It seems all but certain that Republicans will repeal as much of Obamacare as they can through the reconciliation process that only requires 51 votes in the Senate instead of the normal 60 votes required for cloture of any issue. However, to take advantage of that process, the items need to be revenue related. Certainly, that is not an insignificant piece of the legislation. By my read, that would include the pay or play mandate for employers and individuals. What else? Time will tell. While we are still in the state of uncertainty about what will be repealed, let's engage in a little mental exercise about what SHOULD be repealed and maybe what a replacement will look like.
As we begin, let's not be surprised if the "replacement" looks nothing like the thing it is replacing. Obamacare in its essence is about top down control over the health insurance marketplace. It restricts and regulates what must be purchased and what must be sold. If you think that is the fundamental problem with Obamacare, there is not much that you will want to salvage in the replacement. In my humble opinion, the replacement parts of Obamacare should be aimed at allowing the health insurance marketplace to operate as a marketplace.
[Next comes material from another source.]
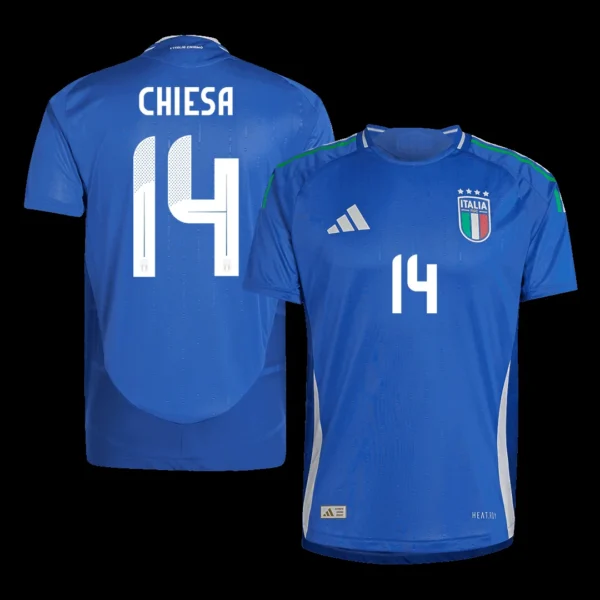 CHIESA #14 Italy Home Soccer Jersey Euro – Player Version – front view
Transparency of cost should be a "YUGE" deal as we go forward. So, what has to go?
1. The Employer Mandate: there are two requirements for employers within the ACA, offer minimum essential coverage and offer something "affordable." Neither one has improved the options for employees. Instead of no coverage, they can now be offered a deductible plan with a deductible in excess of $5000 as a cost of $130 to $150 per month depending on their income. Their dependent coverage in not subsidized in anyway. They also just lost the ability to obtain a subsidized plan through federal exchange. But the mandate has made an enormous impact on employer behavior, but not in a good way. Thousands of employees saw their full-time jobs turn into part-time jobs in 2014 as a result of the mandate. Moreover, thousands of employers have made it a business plan to stay beneath 50 employees so as to stay out from under the mandate. Finally, the 1094 and 1095 reporting requirements that are necessary to enforce the mandates have created cottage industries because of the complexity and time and expense required to complete the reporting. Eliminate the employer mandate and you will take a huge regulatory burden off of employers at little cost to employees.
2. Eliminate the one-size fits all approach to health insurance plans. Eliminate all the requirements of what a plan MUST provide to be a plan. Essential Health Benefits? Gone. Annual caps? Gone. Lifetime maximums? Gone? Let's allow employers and individuals the ability to purchase what they want. In other words, let the market work.
3. Unleash HSAs, HRAs, FSAs. These are all tax-favored devices that allowed consumers to budget their health care dollars and gave them tax incentives to do so. Obamacare looked upon these devices unfavorably. We should reverse that approach. Instead, they should be unleashed. Your contribution to your HSA should match your annual deductible. If you want to have a $6000 annual, then you should be able to put that much in your HSA and so forth.
4. What about the subsidies to purchase health insurance? Obamacare provided an enormous benefit to people without employer provided health who, due to illness, were shut out of the pre-Obamacare health underwritten individual market. Now, things are not so rosy in the individual marketplace. As we blog, premium escalations have only been outpaced by the number of carriers dropping individual coverage options. It does not take a genius to see that the individual marketplace is headed for disaster on its own, with or without a subsidy. Going forward, Congress should establish something that probably should have been in place for years - a federal high-risk pool. Prior to Obamacare, high risk pools existed on a state by state basis, and I do not believe anyone would rave about the results. Of course, this would forever enshrine this as one more entitlement, but I doubt there is any political will to strip individuals who cannot get coverage elsewhere of their health insurance or their subsidy.
5. Keeping the popular parts of Obamacare. The right to keep children on a plan up to age 26. The ban on pre-existing exclusions. The elimination of annual and lifetime caps. All of these are politically popular aspects of Obamacare that to be sure make insurance more expensive. Still, I would expect to see them stay in one form or another. Won't this sort of create a Frankenstein of health insurance with some parts still continuing and som parts repealed? Yes. But, you are going to need at least a few D votes in the Senate to pull this off and I doubt that will be achievable without throwing some bones at them.
6. Non-discrimination rules. The application of Section 105 non-discrimination rules to health insurance was passed into law, but never implemented. We are STILL waiting on the IRS regulations. Let's wait some. How about forever?
7. Expansion of women's health coverage. Most of this was non-controversial, but the mandate to provide abortion and birth control was extremely controversial for both religious institutions and employers with moral objections to paying to insure these items. Given that this was a regulatory expansion anyway, I would not think an act of Congress would be required to scale this back or at least grant an expansive opt-out option to employers.
8. Community-rating for small groups under 50. Technically, this is included in the Essential Health Benefits. Community-rating was generally a cost escalator for most small groups. However, there are some groups with poor demographics or claims history that saw some rate relief as a result of community rating. No strong opinions are held about the concept, but I would generally like to see fewer mandates in the marketplace. Why not leave it up to the insurers to continue to offer a community rated tier of pricing?